I am looking to send a xmas card to 6000 customers in the USA. I live in Canada. Is there an online service that anyone know who will take an address list and print/stuff/address and mail this type of volume online?

Time is running short, has to happen next week.

Thanx


----------



## Robin (Aug 28, 2006)

yes time is running out!! 

I used Susan Krystaf of Priority Connection She did our invitations for our Open House. She does an amazing job, everything looks professional and she is wonderful to work with.

Give her a call.


----------



## SICK (Nov 16, 2006)

Robin said:


> yes time is running out!!
> 
> I used Susan Krystaf of Priority Connection She did our invitations for our Open House. She does an amazing job, everything looks professional and she is wonderful to work with.
> 
> Give her a call.


Thanx, I'm sending her an email now...


----------



## SICK (Nov 16, 2006)

Looks like I'm going to be a scrooge and send black and white post cards 

USPS - Create Greeting Cards & Postcards!

Planning on using Click2Mail Will let everyone know how it works out!


----------



## jclynn67 (Mar 11, 2007)

SICK said:


> Looks like I'm going to be a scrooge and send black and white post cards
> 
> USPS - Create Greeting Cards & Postcards!
> 
> Planning on using Click2Mail Will let everyone know how it works out!


 
Could I ask what they are charging to mail out 6,000 post cards for you?

Thanks,
Jody


----------



## SICK (Nov 16, 2006)

jclynn67 said:


> Could I ask what they are charging to mail out 6,000 post cards for you?
> 
> Thanks,
> Jody


I ran a few #'s through it, try it (click2mail), it's free and easy to get a price estimate. Very well done site complete with online editor! If I recall, 5000 2 sided black and white came out to around $1500 .. I'm still waiting for paypal reports from past years to complete the list. I have 4800 US people and another 1200 or so from other countries. Seems about 35% of people entered addresses at time of payment in paypal so I'm missing a lot of people.

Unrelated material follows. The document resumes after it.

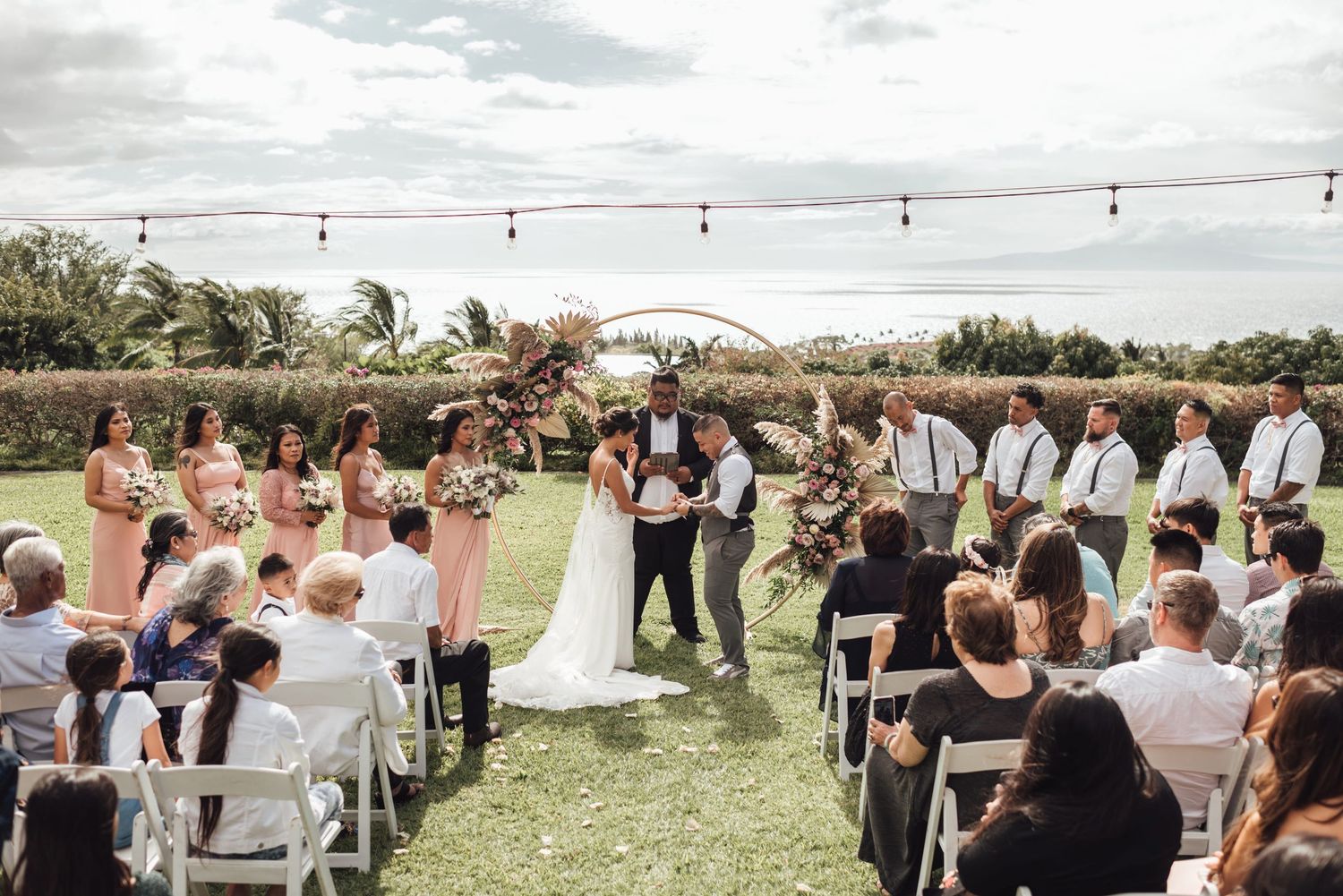 Outdoor wedding ceremony on green lawn with bridesmaids in pink, groomsmen, and guests seated in white chairs under string lights.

Turning into a 2 day project


----------



## SICK (Nov 16, 2006)

This is done now, I was really late in sending them out. They went into production on the 15th, everything was done in text in the online editor. The first message back from a customer thanking me for them happened on the 18th. Yesterday I got about 10 thank yous back.

Total cost on my credit card was a little over $1800.00 for 5800 cards in the usa.

ROI on this? No clue. I can't track it. So far I think this is great fast way to spread the word about promotions etc.


----------



## Rodney (Nov 3, 2004)

Thanks for reporting back!

How did you upload all of your addresses to the click2mail site? An excel spreadsheet or something?


----------



## SICK (Nov 16, 2006)

I ripped the addresses from paypal back to 2003 ... paypal rocks for history!

Sorted by country, took name and address info, copy and pasted the usa results into textpad, sorted and deleted duplicate lines. Pasted into a new workbook. Uploaded as excel xls file. Don't go by the template they offer for download, give it a test run for free, it's smart.

10 out of 10 for easy use and flexibility.

BUT a 4 out of 10 for quality.... I just saw 5 bounce backs for moved addresses, etc. The ink ran on them, more like handling, quality was good, but it was produced to fast, no time for drying. 2 out of 5 were clean. The fronts with the addresses were perfect. I will have to do a water test on the paper.

If someone else tries it let me know. I'm kinda looking at vistaprint next, they seem world wide so you can save on postage. They make tees too!


----------